Fletcher’s movements cannot be accurately traced for some time after he left Scotland. Argyll wrote to him, on several occasions, for the purpose of enlisting his services against the Government; but he did not answer the letters. At last, however, when he was at Brussels, he heard that the English Ministers had privately requested the Marquis de Grand to have him apprehended. This seems to have irritated him; for he went to London and joined the circle of Whigs who were then engaged in preparing to resist the succession of the Duke of York. As is well known, before the plot was matured Shaftesbury fled to Holland, where he died, and the management of this dangerous business was left in the hands of a council of six—Monmouth, Russell, Essex, Howard, Hampden, and Algernon Sidney.
According to Lord Buchan, Fletcher and Baillie of Jerviswoode were the only two Scotsmen who were admitted into the secrets of the six; but what part Fletcher took in the Whig Plot, which, it need scarcely be said, must be distinguished from the Rye-House Plot, of which Fletcher probably knew nothing, it is impossible to say. Baillie of Jerviswoode was offered his life, on condition that he would give evidence against his friends, and against Fletcher in particular; but he answered, in the often quoted words, ‘They who make such a proposal know neither me nor my country.’
In October 1683 he was in Paris, whither he had perhaps journeyed in company with Burnet, who had left England at the beginning of September. Viscount Preston who was then at Paris as Envoy-Extraordinary from the English Court, wrote to Halifax about Fletcher. ‘Here,’ he says, ‘is one Fletcher, lately come from Scotland. He is an ingenious but a very dangerous fanatic, and doubtless hath some commission, for I hear he is very busy and very virulent.’
Burnet returned to England in the beginning of the following year; and Fletcher seems then to have gone to Holland, where he saw he would be safer than anywhere else, for we next find him travelling about in that country and in Belgium, visiting the libraries of Leyden, and picking up volumes among the bookstalls of Haarlem. It was perhaps at this time that the curious incident recorded by Mrs. Calderwood of Polton, in the Coltness Collection, occurred. The story is almost incredible; but Mrs. Calderwood gives it in the most matter-of-fact way.
‘They tell,’ she says, ‘a story of old Fletcher of Salton and a skipper: Salton could not endure the smoak of toback, and as he was in a night-scoot, the skipper and he fell out about his forbidding him to smoak; Salton, finding he could not hinder him, went up and sat on the ridge of the boat, which bows like an arch.
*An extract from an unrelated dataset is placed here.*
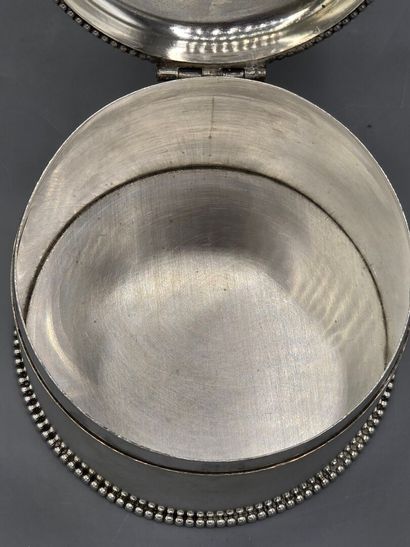 Boîte circulaire en argent.
Base et couvercle...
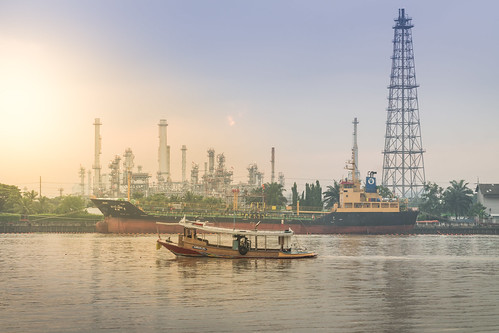 oil refinery thai thailand amateur asia asian alpha a6500 18105 f9 river exposure day morning scene sunset light outdoor photo photography photographer pics samutprakan landscape landscapes lights life hour colour color cloud colorful view chao phraya bangkok sony ilce e mount mirrorless csc α 6500 apsc ⍺6500 ilce6500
The skipper was so contentious that he followed him, and, on whatever side Salton sat, he put his pipe in the cheek next him, and whifed it in his face; Salton went down several times, and brought up stones in his pockets from the ballast, and slipt them into the skipper’s pocket that was next the water, and when he found he had loadened him as much as would sink him, he gives him a shove, so that over he hirsled. The boat went on, and Salton came down amongst the rest of the passengers, who probably were asleep, and fell asleep amongst the rest. In a little time bump came the scoot against the side, on which they all damned the skipper; but, behold, when they called, there was no skipper; which would breed no great amazement in a Dutch company.’
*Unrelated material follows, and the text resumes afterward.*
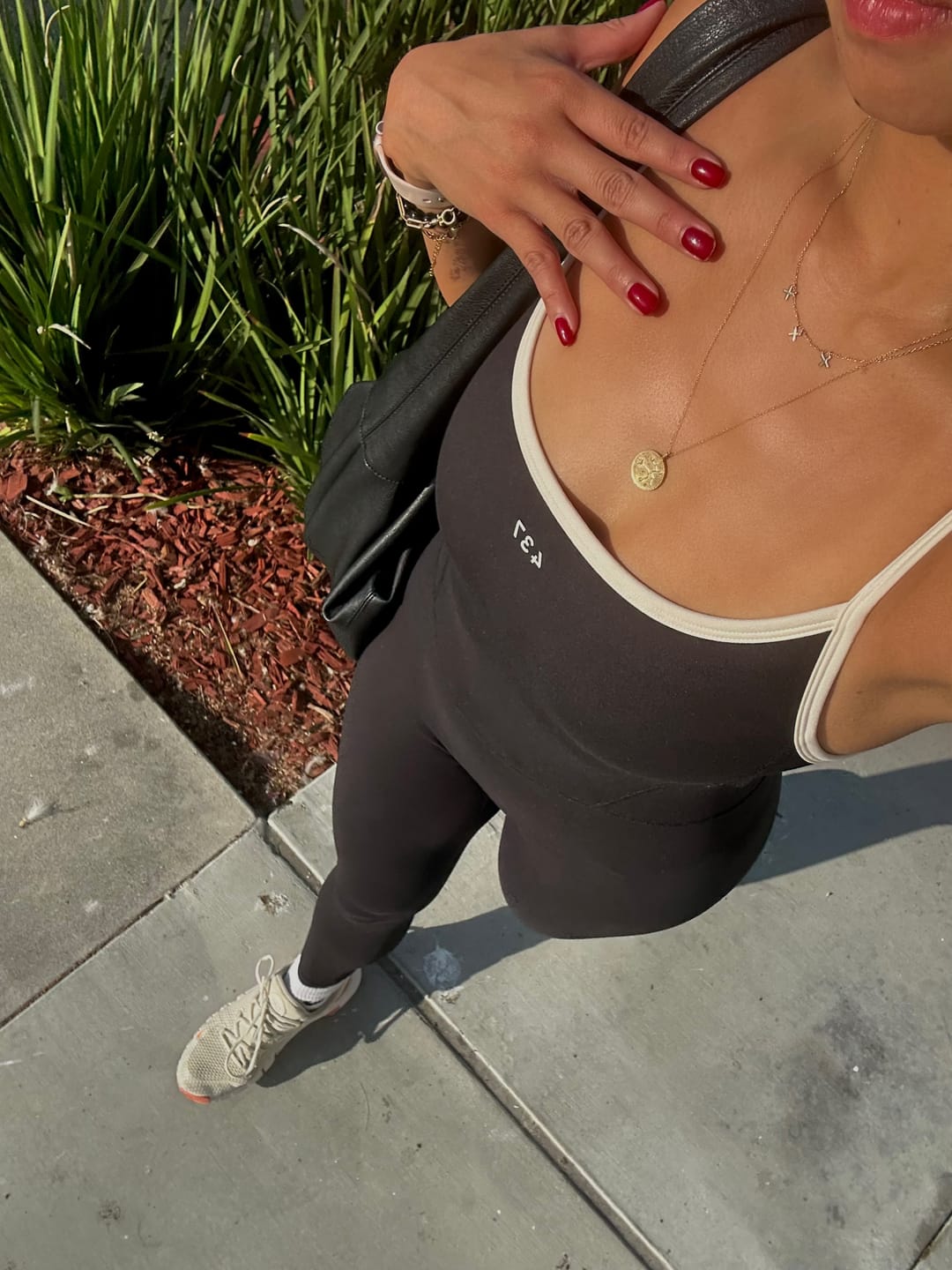 Customer photo review of The Onesie / Black-Crème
In the meantime the Government had not lost sight of Fletcher; for on the 21st of November 1684 he was cited at the Market Cross of Edinburgh, and at the pier and shore of Leith, to appear within sixty days, and answer to the charge of ‘Conversing with Argyll and other rebels abroad.’ With regard to this charge, Lord Fountainhall says that Fletcher’s intrigues with Monmouth, at the time of the Whig Plot, could not be criminal, as Monmouth had received his pardon in December 1683; but this was not the opinion of the Lord Advocate, for in the following January the Laird of Saltoun and a number of other ‘fugitive rebels,’ including Lord Loudoun, Lord Melville, and Sir James Dalrymple of Stairs, were charged with high treason, and declared outlaws.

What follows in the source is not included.